A smart, safe, and beautiful CLI application for organizing your Downloads folder using AI-powered categorization and a "plan-then-apply" workflow.

FeaturesInstallationQuick StartDocumentation

📚 Full Documentation: See docs/ for detailed guides, architecture, and API reference


📋 Table of Contents


🌟 Overview

Tidy AI is a localhost web application designed specifically for macOS users who want to automatically organize their cluttered Downloads folder.

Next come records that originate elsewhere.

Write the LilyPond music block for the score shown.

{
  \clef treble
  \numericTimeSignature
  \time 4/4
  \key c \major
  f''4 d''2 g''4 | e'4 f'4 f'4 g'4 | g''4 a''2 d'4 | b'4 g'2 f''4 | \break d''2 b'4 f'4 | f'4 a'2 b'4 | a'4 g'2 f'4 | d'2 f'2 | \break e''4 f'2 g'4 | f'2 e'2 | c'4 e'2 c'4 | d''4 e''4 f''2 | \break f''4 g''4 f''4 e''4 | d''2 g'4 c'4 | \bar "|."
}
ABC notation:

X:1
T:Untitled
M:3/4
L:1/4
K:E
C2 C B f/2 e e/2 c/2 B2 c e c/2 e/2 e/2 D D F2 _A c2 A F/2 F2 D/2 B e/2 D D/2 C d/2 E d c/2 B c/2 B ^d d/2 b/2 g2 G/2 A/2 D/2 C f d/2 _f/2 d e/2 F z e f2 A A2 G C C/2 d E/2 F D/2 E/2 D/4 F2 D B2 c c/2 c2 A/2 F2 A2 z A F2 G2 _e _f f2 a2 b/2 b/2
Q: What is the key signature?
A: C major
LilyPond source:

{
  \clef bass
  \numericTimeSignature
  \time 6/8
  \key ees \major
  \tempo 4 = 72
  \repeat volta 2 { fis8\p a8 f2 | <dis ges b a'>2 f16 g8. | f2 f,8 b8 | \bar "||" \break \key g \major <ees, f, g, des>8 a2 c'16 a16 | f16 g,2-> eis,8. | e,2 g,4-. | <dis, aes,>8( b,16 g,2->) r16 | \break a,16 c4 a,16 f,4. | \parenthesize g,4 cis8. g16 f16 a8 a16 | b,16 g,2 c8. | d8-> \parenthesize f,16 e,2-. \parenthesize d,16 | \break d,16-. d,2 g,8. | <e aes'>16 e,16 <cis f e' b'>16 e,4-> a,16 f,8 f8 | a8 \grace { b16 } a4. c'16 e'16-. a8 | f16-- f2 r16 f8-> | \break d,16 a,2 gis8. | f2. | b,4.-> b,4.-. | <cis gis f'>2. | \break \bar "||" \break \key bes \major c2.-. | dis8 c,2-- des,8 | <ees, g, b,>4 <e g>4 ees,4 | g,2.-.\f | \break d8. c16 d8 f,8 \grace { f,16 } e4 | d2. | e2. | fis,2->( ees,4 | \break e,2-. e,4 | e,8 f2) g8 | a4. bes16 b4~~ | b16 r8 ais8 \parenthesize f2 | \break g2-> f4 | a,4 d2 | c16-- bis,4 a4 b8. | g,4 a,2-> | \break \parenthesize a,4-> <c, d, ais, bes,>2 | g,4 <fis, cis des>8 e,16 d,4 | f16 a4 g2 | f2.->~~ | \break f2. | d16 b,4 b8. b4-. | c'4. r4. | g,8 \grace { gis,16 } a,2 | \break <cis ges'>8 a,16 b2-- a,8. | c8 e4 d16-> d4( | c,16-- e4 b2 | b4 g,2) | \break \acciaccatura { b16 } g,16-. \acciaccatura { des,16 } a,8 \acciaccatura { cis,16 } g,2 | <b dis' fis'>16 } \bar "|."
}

Unlike traditional file organizers that immediately move files, this application follows a safe "plan-then-apply" workflow that lets you review all changes before they happen.

Why This Project?

  • 📁 No more cluttered Downloads: Automatically organize thousands of files in seconds
  • 🛡️ Safety first: Review every operation before files are moved
  • 🤖 AI-powered: Uses local Ollama models to categorize unknown file types
  • 📊 Smart organization: Groups files by date and category for easy retrieval
  • 🔍 Duplicate detection: Find and manage duplicate files
  • 🌐 Privacy-focused: Runs entirely on localhost, no cloud services required

✨ Features

Core Features

  • 🔒 Safe by Default: Generates a detailed plan before moving any files
  • 🤖 AI-Powered Categorization: Uses Ollama for intelligent file classification
  • 📊 Smart Organization: Organizes files by YYYY/MM - Category structure
  • 🔍 Duplicate Detection: Identifies duplicates using SHA256 hash + file size
  • 📂 Recursive Scanning: Finds all files in folders and subfolders
  • 🚫 Never Deletes: Only moves files, never removes them
  • 📝 Complete Logging: Tracks all operations with detailed logs
  • 💾 Export Plans: Download operation plans as JSON or CSV

Memory & Persistence Features ⭐ NEW

  • 🧠 Dedicated Memory: SQLite database stores conversations, messages, and user profiles
  • 💬 Conversation History: All interactions persist across restarts and upgrades
  • 👤 User Profiles: Learns facts and preferences over time
  • 📊 Memory Stats: Track total conversations, messages, and database size
  • 🔄 Survives Upgrades: Data stored outside npm package, never lost
  • 🗂️ Local-First: Everything stored on your machine, no cloud required

UI Features

  • 🎨 Modern Dashboard: Beautiful, responsive interface built with shadcn/ui
  • 🔎 Search & Filter: Quickly find files by name or category
  • 📋 Preview Operations: See exactly what will happen before applying
  • ⚠️ Confirmation Dialogs: Extra safety layer before moving files
  • 📊 Summary Statistics: View file counts by category at a glance
  • 🎯 Category Badges: Visual indicators for file types

🚀 Installation

Prerequisites

  • Node.js: Version 18 or higher (Download)
  • Ollama (Optional): For AI-powered categorization (Download)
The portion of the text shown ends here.